Riding into UK cinemas this week on a crest of predominantly positive critical sentiment comes Liberal Arts (2012), the sophomore film from American actor, writer and director Josh Radnor (perhaps best known for his role in hit US comedy How I Met Your Mother). Credit is due to Radnor for assembling a strong supporting cast with which to placate his own lead performance, but sadly his second outing behind the camera falls foul of many of the deadly sins committed by indie Sundance fodder past and present.
Radnor plays pseudo-intellectual Jesse Fisher, a 35-year-old college graduate with little to his name bar a string of failed relationships and his much-vaunted ‘liberal arts education’. Returning to the nostalgia-soaked environs of his beloved campus to bid farewell to his soon-to-be-retired “second best” lecturer, Prof. Hoberg (a rather forlorn Richard Jenkins), Jesse promptly meets and falls for idealistic current student Zibby (Elizabeth Olsen). However, our ageing Romeo’s commitment issues soon get the better of him, as he is forced to peer into the void of middle-age obscurity.
A far more interesting film than what we’re ultimately provided lies at the heart of Liberal Arts. Jenkins’ melancholic, pottering tutor is the perfect anchor point for addressing the pros and cons of a life immersed in academia, yet Hoberg as a character is sadly reduced to little more than a receptacle for Fisher’s relentlessly trite first world problems.
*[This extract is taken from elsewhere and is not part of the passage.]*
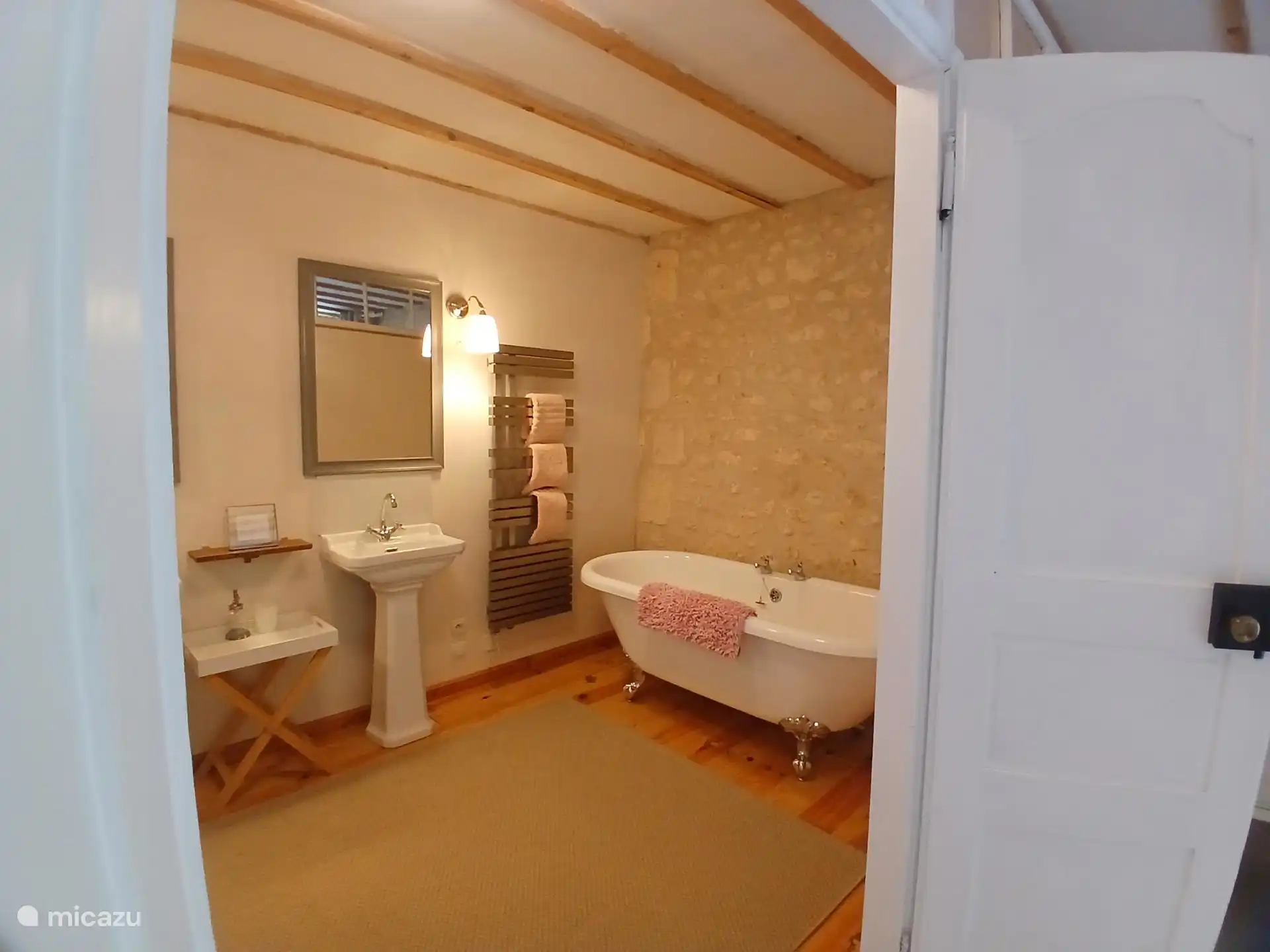Badkamer La Rose Trémière met vrijstaand bad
The Sundance school of shoe-gazing canon-worship once again raises its ugly head, and great expanses of Radnor’s rom-com are littered with pretentious references and mundane literary debate (with the odd snide remark about teen vampire fiction thrown in for good measure).
Were it not for the inclusion of the aforementioned Jenkins, Olsen and a Mrs. Robinson-esque Allison Janney (as sexual predator/Jesse’s unwilling confident Prof. Fairfield), Liberal Arts would be almost beyond redemption. Radnor gives himself the thankless task of turning a failed, snivelling snob into something resembling a likeable protagonist, and leaves little room for empathy in between bouts of irksome anxiety and elitist belittling. By the time Fisher enters into a classically-bedded pen-pal exchange with his naive admirer, most audiences will have already made up their minds as whether to stick or twist.
Making an appealing film that revolves around middle-class concerns, on either side of the Atlantic, is no easy task, and Radnor deserves partial credit for making the effort in the first place. Sadly, by side-lining the always-watchable Jenkins in favour of his own mawkish man-child, he may well have condemned Liberal Arts’ promising conceit to apathy-tinged, F-for-failure obscurity. Those looking for a more inventive slice of American indie cinema would be well-advised to hold out for Jonathan Dayton and Valerie Faris’ Allen-esque Ruby Sparks (2012) in a few weeks time.